Two examples of implementation of the invention are schematically shown in

fig. I and II where

fig. I shows an embodiment where the upper part of the shielding device is parallel to the anode,

while fig. II shows an embodiment where the shielding is parallel to the anode stand.

In the figures, 1 denotes the furnace itself with the lining 2. 3 is the anode and 4

is the primary gas collection ring that rests on the crust 5. In the device according to fig. I is the lower and upper part of the shielding device,

respectively no. 6 and 7, connected with a hanging sling device 8 which allows the lower part to be swung up and the respective upper part to be swung down as needed. As can be seen from the drawing, the lower part 6 rests on the oven door with a gap 9 between the oven and the door, so that a draft is obtained from the cellar. Lower part 6 can also be finished above the oven door so that the air draws up along the door and inside the shielding device.

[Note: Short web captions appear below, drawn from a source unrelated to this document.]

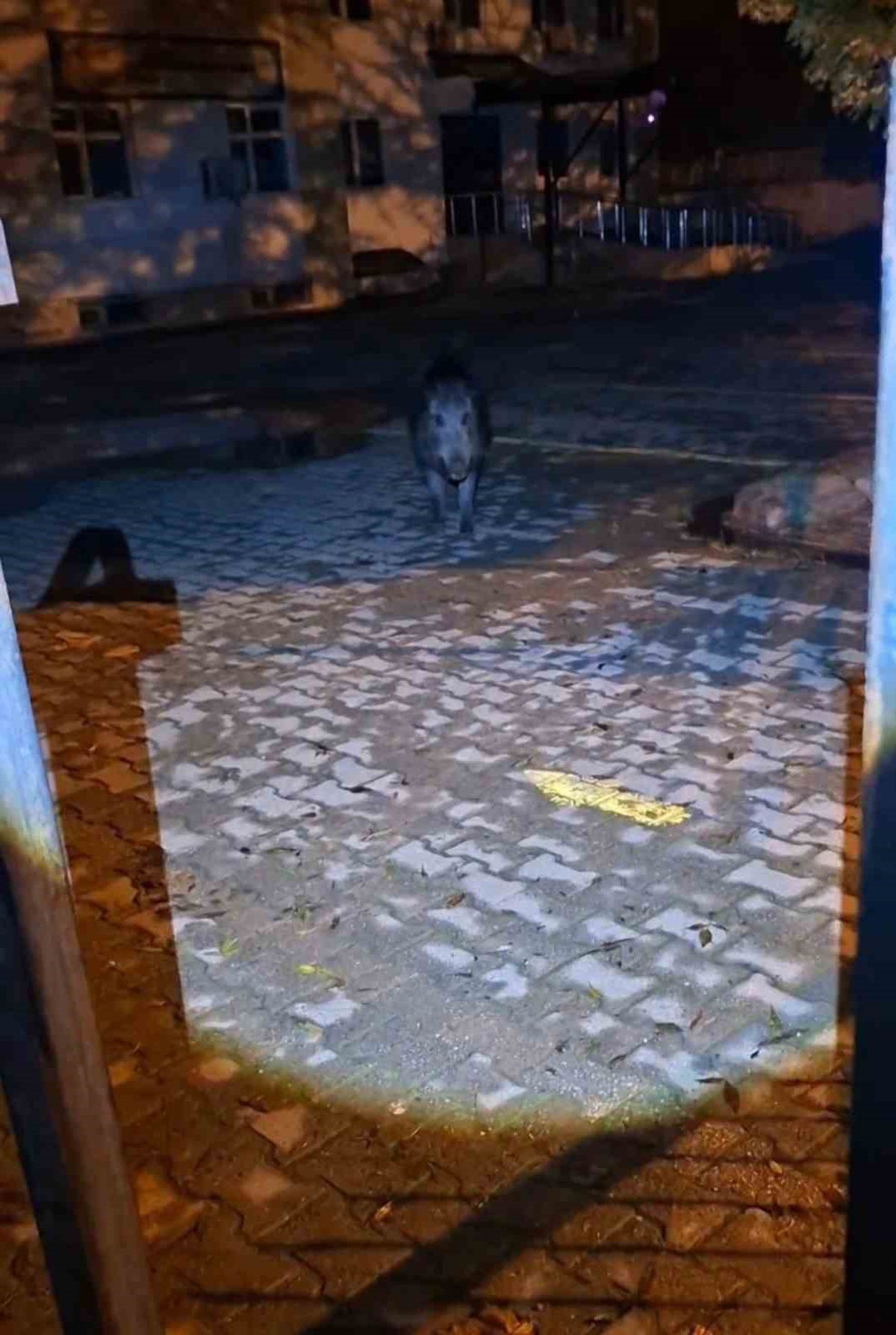 Tunceli\'de yaban domuzu, evinin önündeki vatandaşa saldırgan tavırlar sergiledi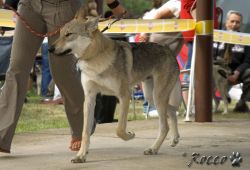 IMG_0077.jpg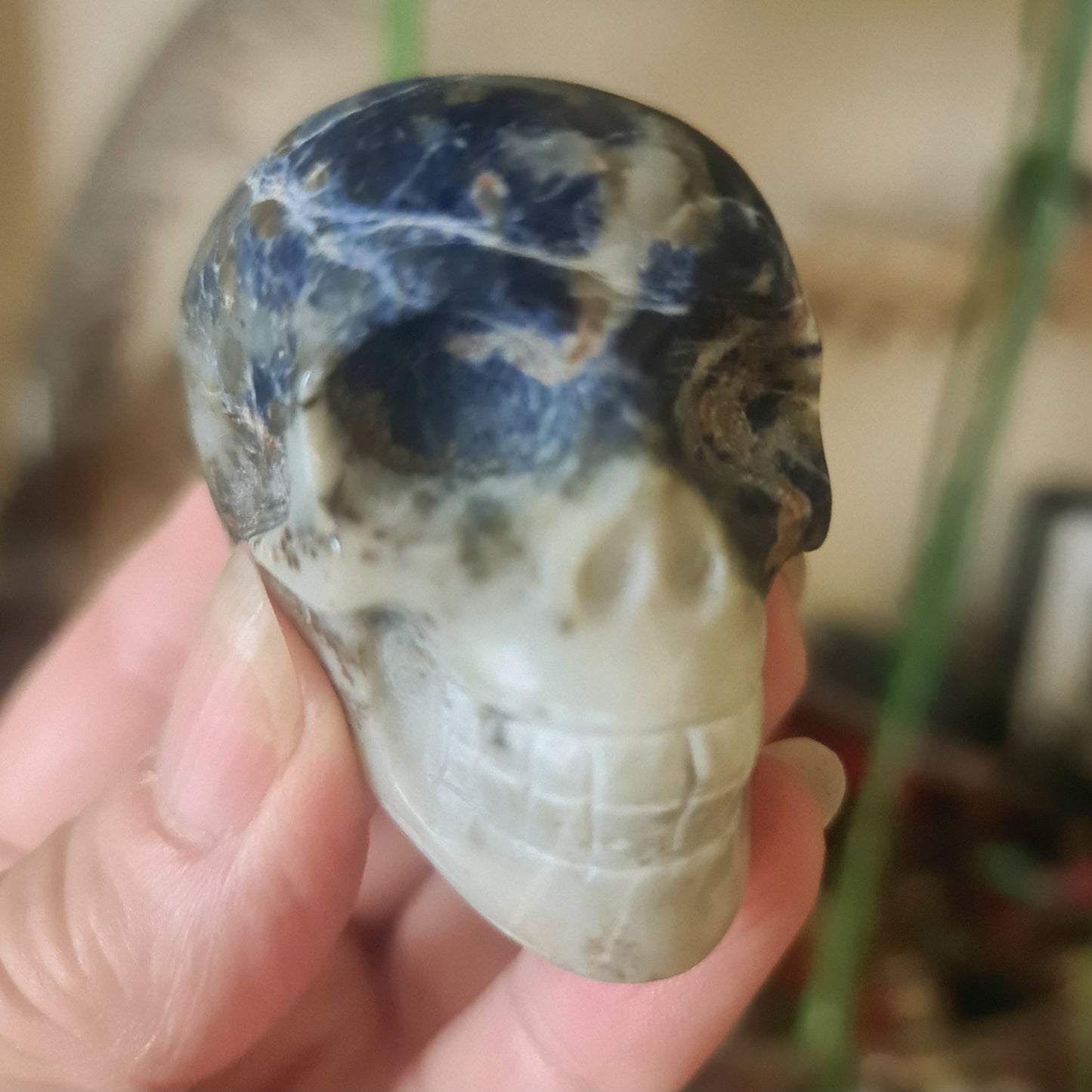 Crystal Skulls - Medium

In the device according to fig. II, the two parts of the shielding device are displaceable so that the lower part 10 can be pushed upwards, but the upper part 11 can be pushed downwards. With this device, the shielding device is parallel to the anode stand 12.

Claims (3)

1. Device for collecting furnace gas from furnaces for smelting electrolytic production of aluminum, where the current is supplied to the anode by means of vertical contact bolts and where the anode at the bath surface is surrounded by a gas collection ring (4), characterized by a shielding device that surrounds the furnace and shields the surroundings from gases and heat, while at the same time, due to the chimney's effect, it leads the gases up above the working level. 2. Device as in claim 1, characterized in that the shielding consists of a lower part (6) and an upper part (7) both of which are pivotably stored using a hinge or the like. (8). 3. Device as in claim 1 characterized in that the shielding consists of a lower part (10) and an upper part (11) which are displaceable in relation to each other.